━━━ DATA PROVIDED ━━━

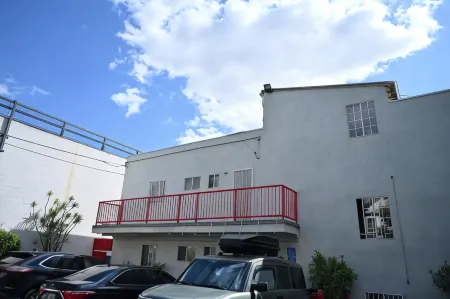 Hollywood Stars Inn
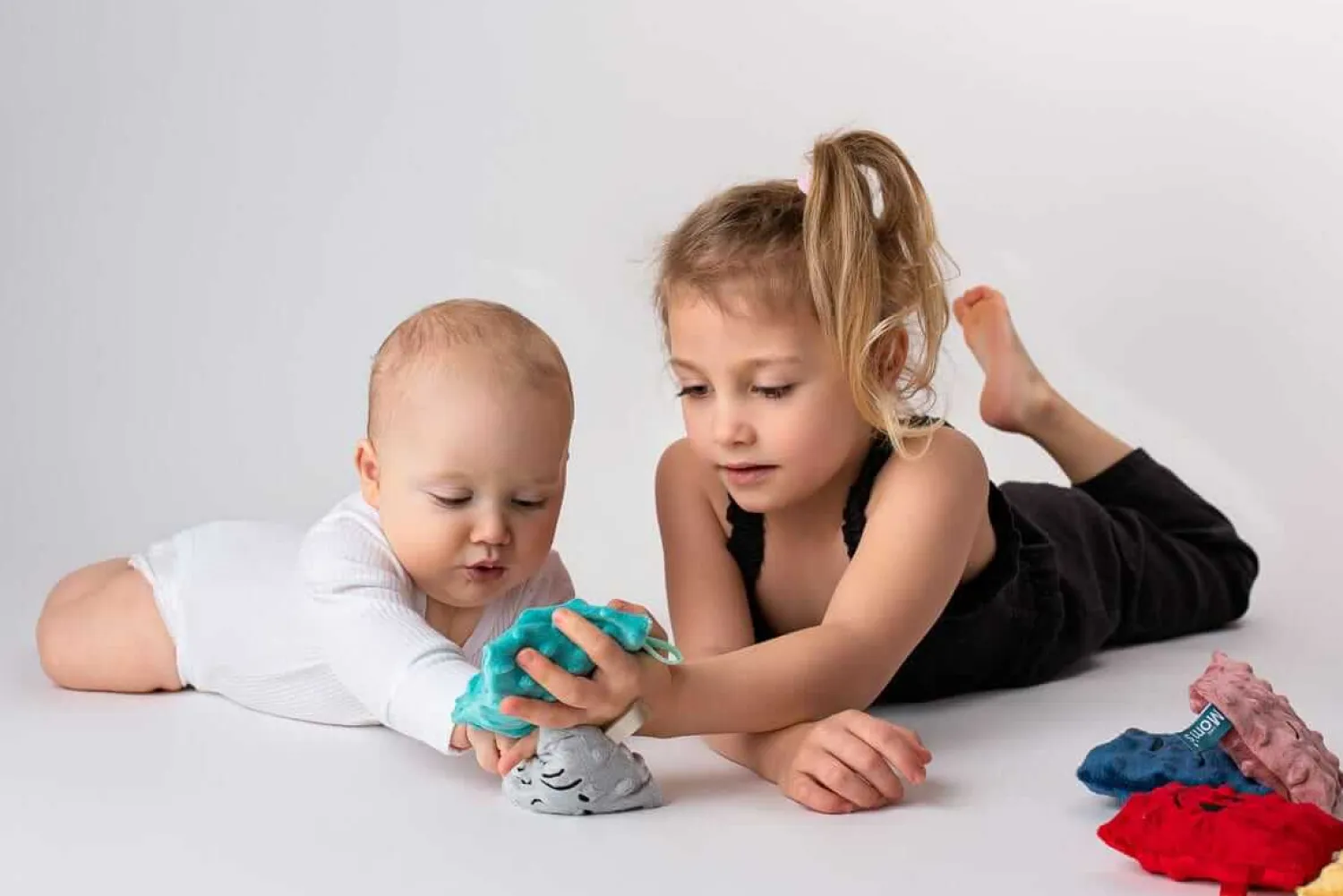 Idealne W Podróży|12M+ | Mom's Care Woreczki sensoryczne - Emocje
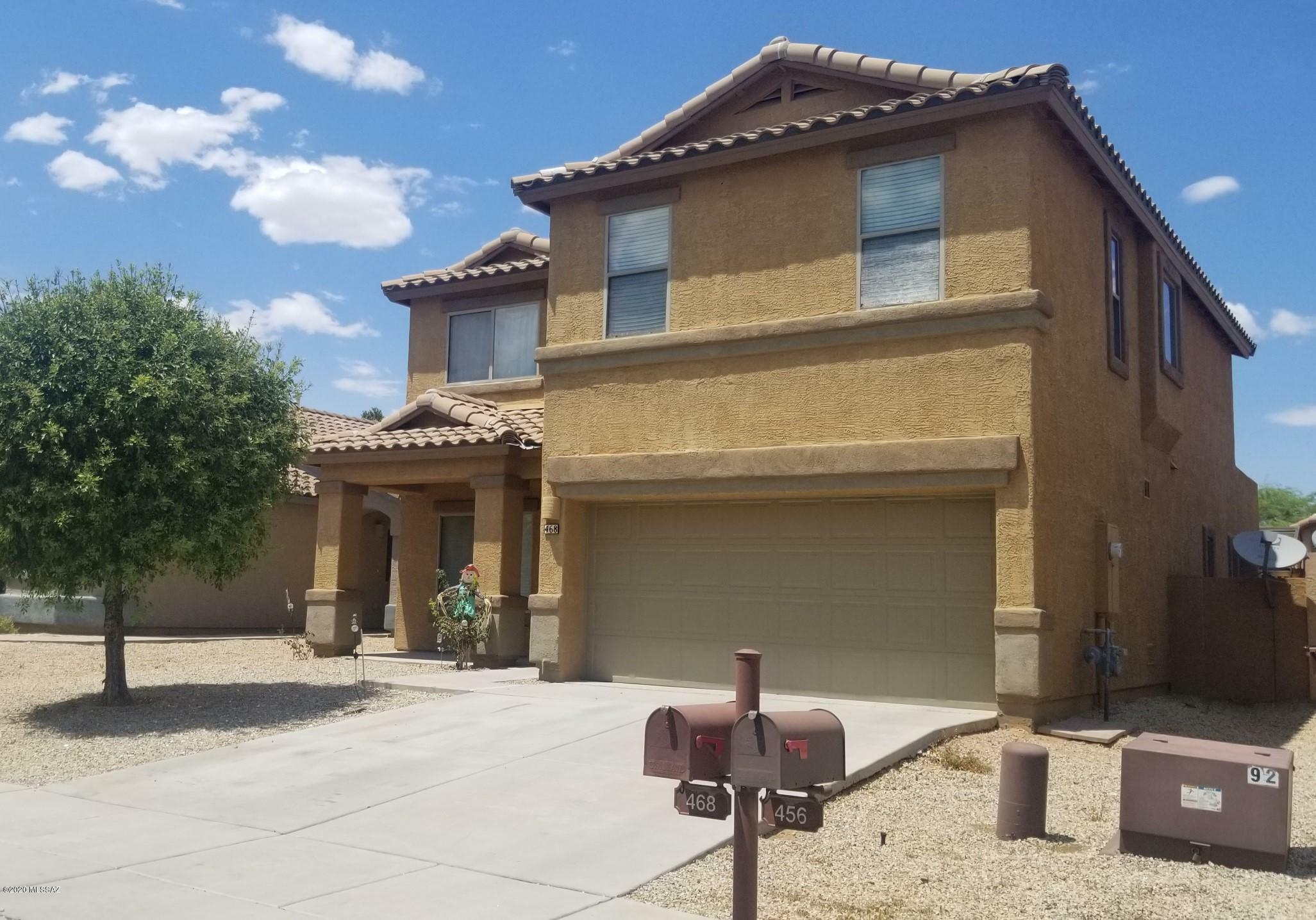 Property Photo:  468 W Calle Paso Suave  AZ 85629 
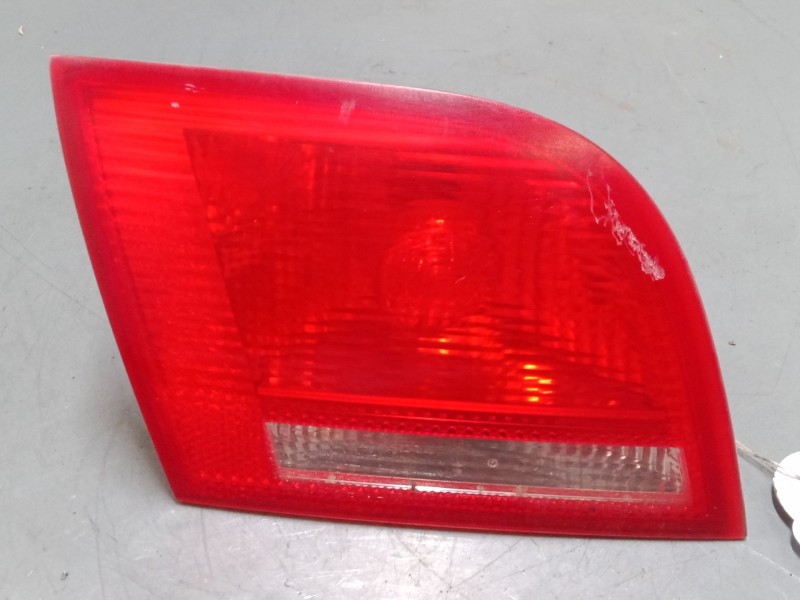 Recambio de piloto trasero porton izquierdo para audi a3 sportback (8pa) 1.6 referencia OEM IAM 8P4945093B  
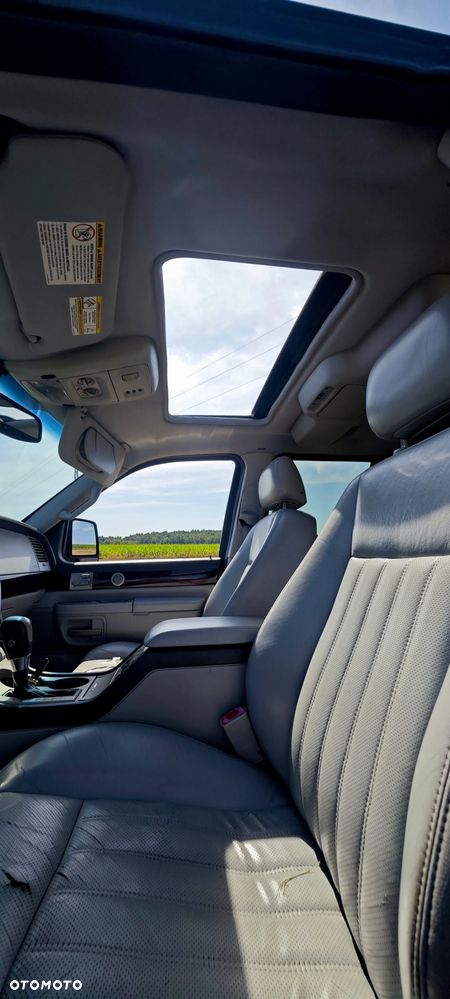 Lincoln Aviator - 5
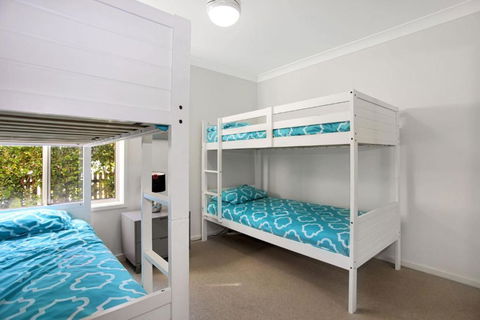 Riverside Views Hawks Nest - Sunshine Coast Tourism 3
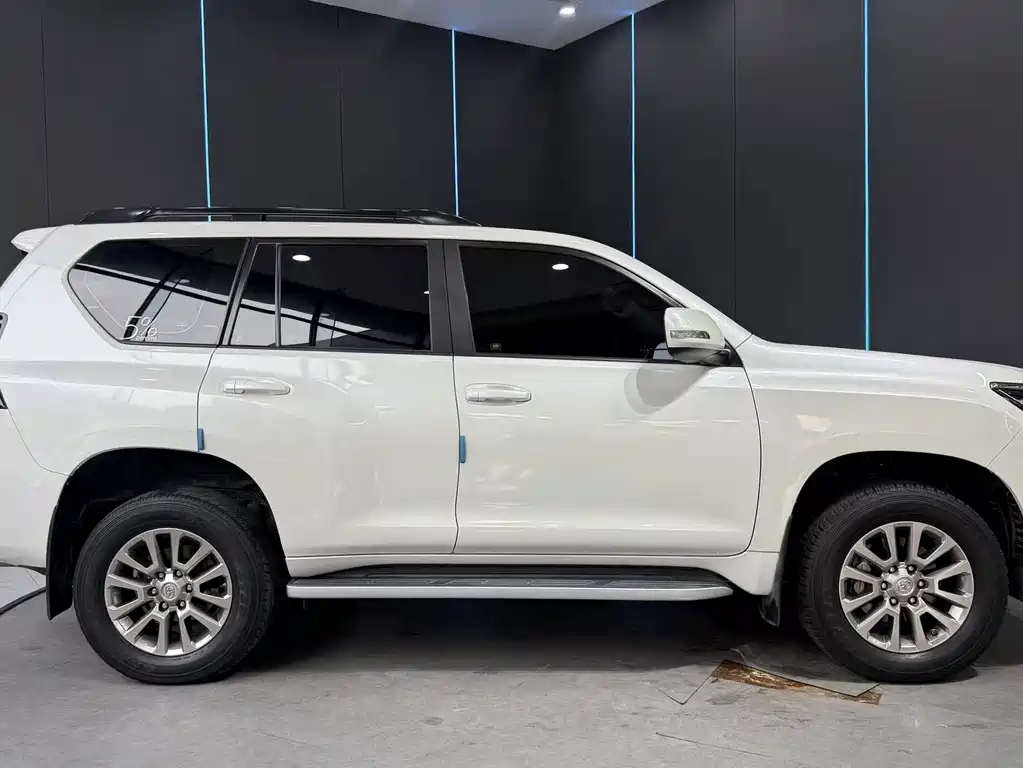 Toyota Prado — фото 5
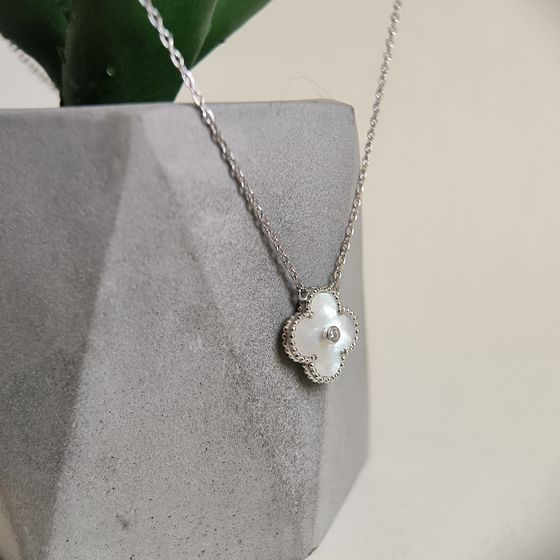 Серебряное колье с перламутром, фианитами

━━━

- [WHAT THIS TASK INVOLVES] Exactly the lines from the one with "Riverside Views Hawks" through the end of the records should be written out, and only those. Pictures do not belong in the copy.

- [TASK ANSWER]
 Riverside Views Hawks Nest - Sunshine Coast Tourism 3
 Toyota Prado — фото 5
 Серебряное колье с перламутром, фианитами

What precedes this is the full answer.